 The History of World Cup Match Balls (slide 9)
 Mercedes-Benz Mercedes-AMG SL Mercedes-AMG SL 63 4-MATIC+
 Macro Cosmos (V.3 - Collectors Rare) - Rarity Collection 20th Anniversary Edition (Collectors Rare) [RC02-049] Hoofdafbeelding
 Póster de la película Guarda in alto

━━━━━━━━━━

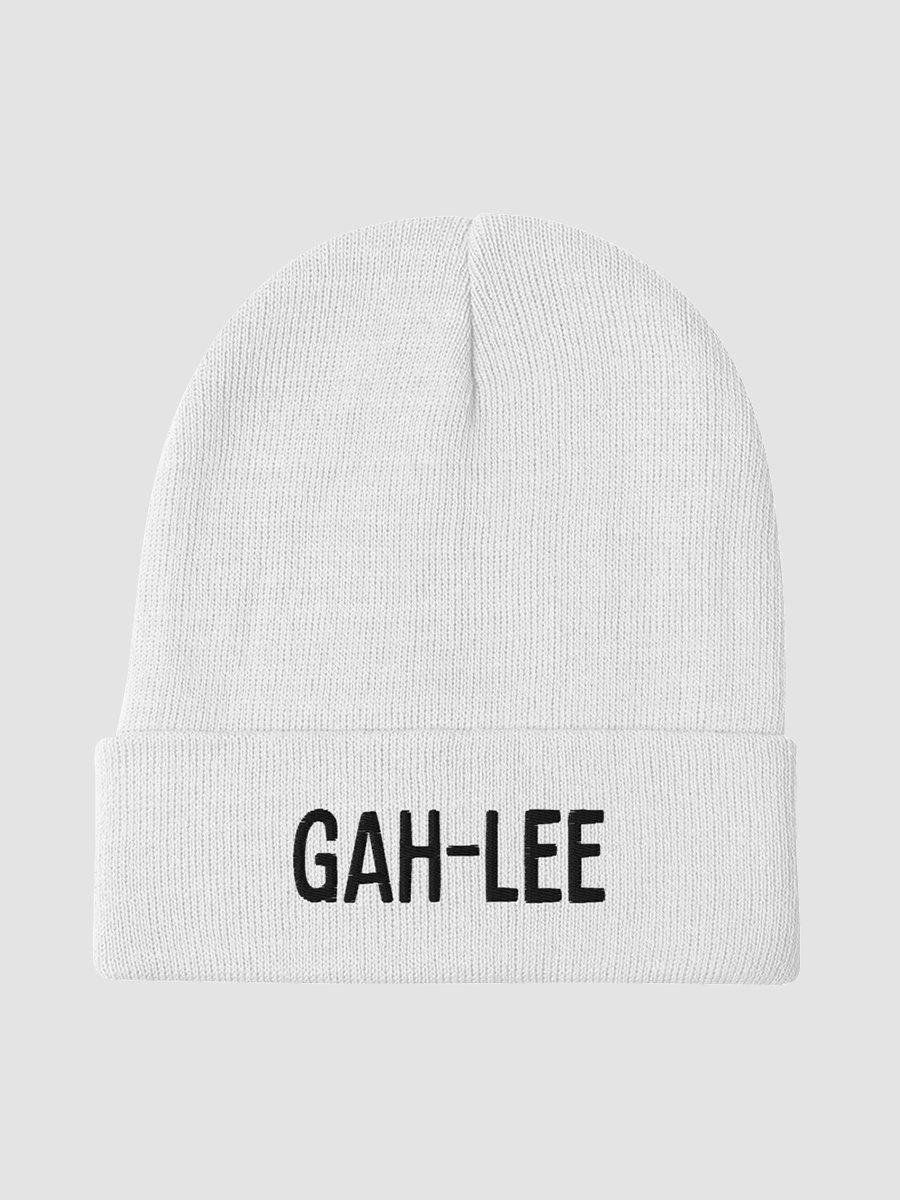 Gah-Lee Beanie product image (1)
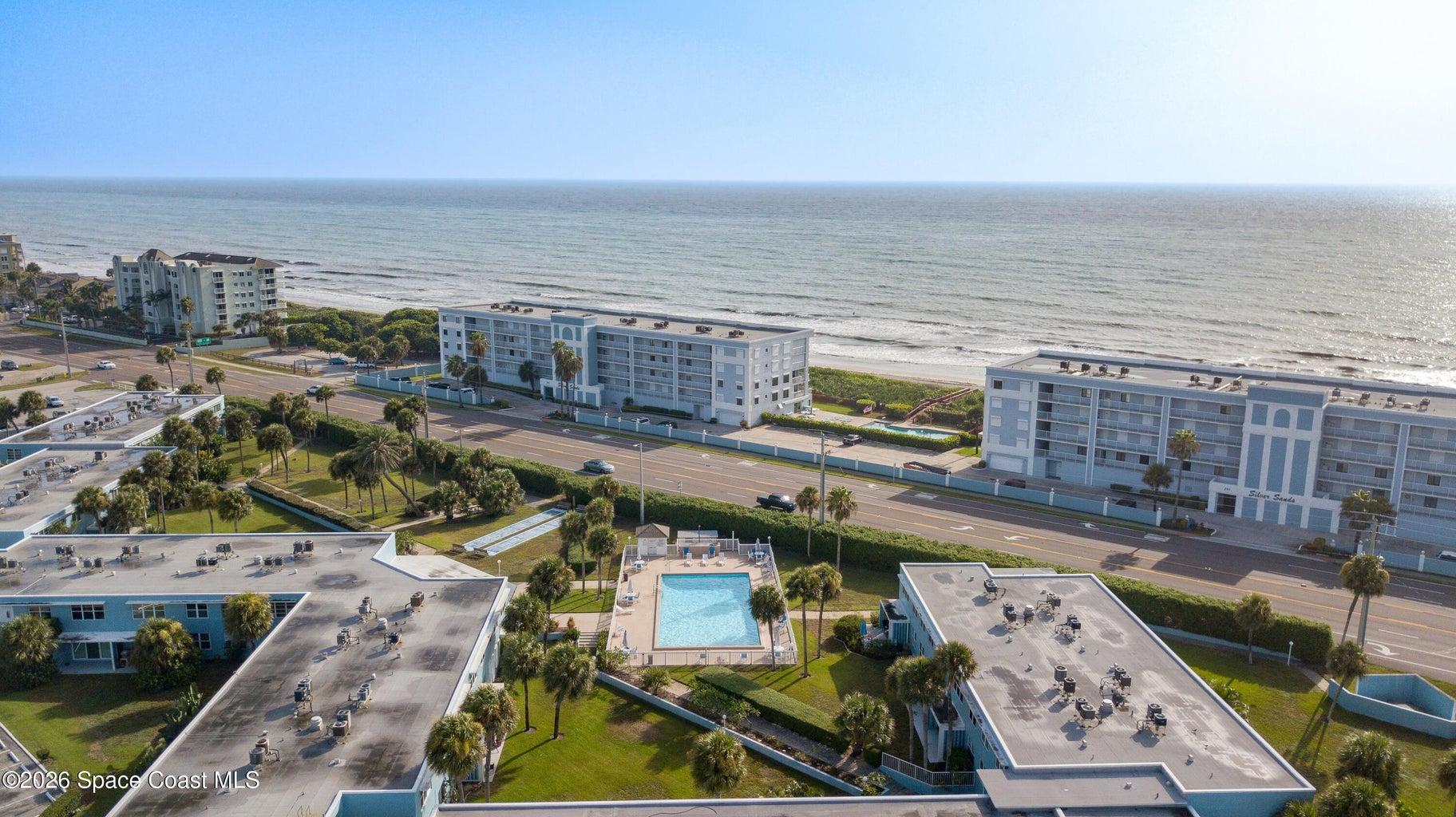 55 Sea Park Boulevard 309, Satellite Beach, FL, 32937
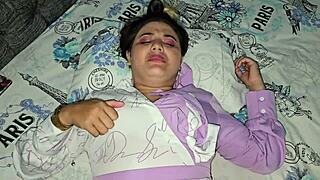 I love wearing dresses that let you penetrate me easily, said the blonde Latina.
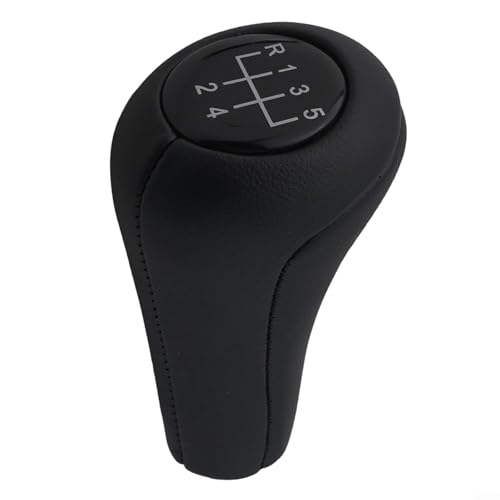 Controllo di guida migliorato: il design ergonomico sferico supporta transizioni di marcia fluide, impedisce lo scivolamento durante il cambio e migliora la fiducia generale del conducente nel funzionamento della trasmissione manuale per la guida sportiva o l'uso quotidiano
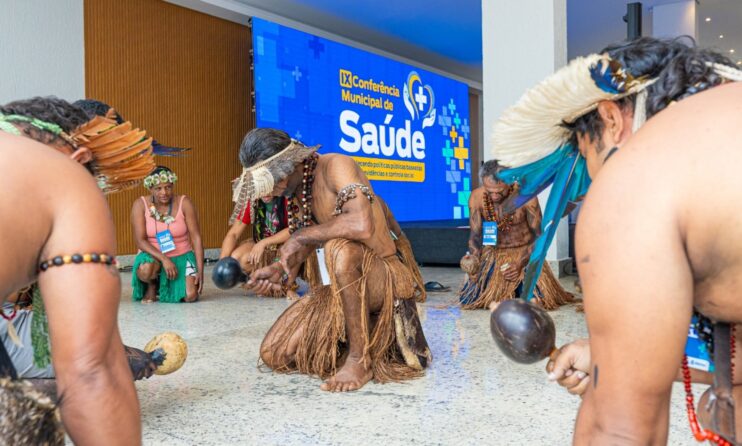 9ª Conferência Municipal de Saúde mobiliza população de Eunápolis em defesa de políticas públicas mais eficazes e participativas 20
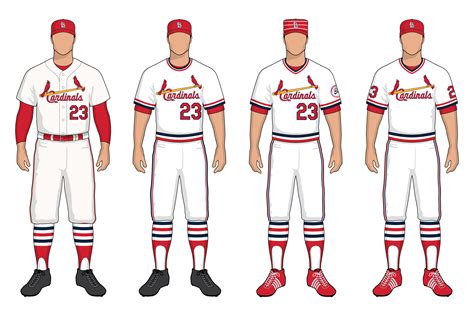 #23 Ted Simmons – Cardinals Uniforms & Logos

━━━━━━━━━━

## Instructions for the task
What should come back is an exact copy of the lines above from the line with "9ª Conferência Municipal" to the line with "#23 Ted Simmons", both included, minus the pictures.

## Your solution
 9ª Conferência Municipal de Saúde mobiliza população de Eunápolis em defesa de políticas públicas mais eficazes e participativas 20
 #23 Ted Simmons – Cardinals Uniforms & Logos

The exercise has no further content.